_Activity_
Take from the material every line that contains the word "Hotel".

(Information shown Opens)

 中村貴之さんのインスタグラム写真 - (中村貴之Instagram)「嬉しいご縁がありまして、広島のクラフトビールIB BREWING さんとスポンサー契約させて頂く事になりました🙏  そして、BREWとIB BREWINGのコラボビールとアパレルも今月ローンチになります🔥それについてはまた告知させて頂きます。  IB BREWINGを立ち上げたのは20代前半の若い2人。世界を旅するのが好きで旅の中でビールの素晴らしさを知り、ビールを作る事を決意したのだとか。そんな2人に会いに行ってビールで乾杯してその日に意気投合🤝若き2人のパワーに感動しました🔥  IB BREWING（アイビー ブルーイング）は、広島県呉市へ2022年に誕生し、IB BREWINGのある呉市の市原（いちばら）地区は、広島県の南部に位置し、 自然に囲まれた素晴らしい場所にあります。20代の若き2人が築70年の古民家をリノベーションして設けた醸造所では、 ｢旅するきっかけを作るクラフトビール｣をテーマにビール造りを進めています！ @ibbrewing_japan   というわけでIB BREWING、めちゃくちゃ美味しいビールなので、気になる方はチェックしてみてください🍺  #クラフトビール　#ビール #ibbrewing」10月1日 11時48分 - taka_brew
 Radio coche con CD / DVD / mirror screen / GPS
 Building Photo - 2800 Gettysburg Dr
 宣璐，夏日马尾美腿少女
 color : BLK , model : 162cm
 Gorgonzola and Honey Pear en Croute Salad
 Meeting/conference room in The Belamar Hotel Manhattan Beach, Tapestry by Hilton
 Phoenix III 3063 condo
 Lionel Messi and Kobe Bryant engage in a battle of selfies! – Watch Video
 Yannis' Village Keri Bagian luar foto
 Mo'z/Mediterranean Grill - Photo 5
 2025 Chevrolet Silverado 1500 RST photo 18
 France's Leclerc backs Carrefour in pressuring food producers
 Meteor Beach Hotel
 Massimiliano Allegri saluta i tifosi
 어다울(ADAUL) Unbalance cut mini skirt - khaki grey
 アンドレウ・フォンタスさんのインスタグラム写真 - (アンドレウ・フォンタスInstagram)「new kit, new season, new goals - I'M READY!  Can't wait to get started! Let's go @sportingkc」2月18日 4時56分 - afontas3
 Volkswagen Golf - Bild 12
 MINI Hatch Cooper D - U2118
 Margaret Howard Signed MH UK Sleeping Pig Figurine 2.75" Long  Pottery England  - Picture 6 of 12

(Information shown Closes)

_Problem solution_
 Meeting/conference room in The Belamar Hotel Manhattan Beach, Tapestry by Hilton
 Meteor Beach Hotel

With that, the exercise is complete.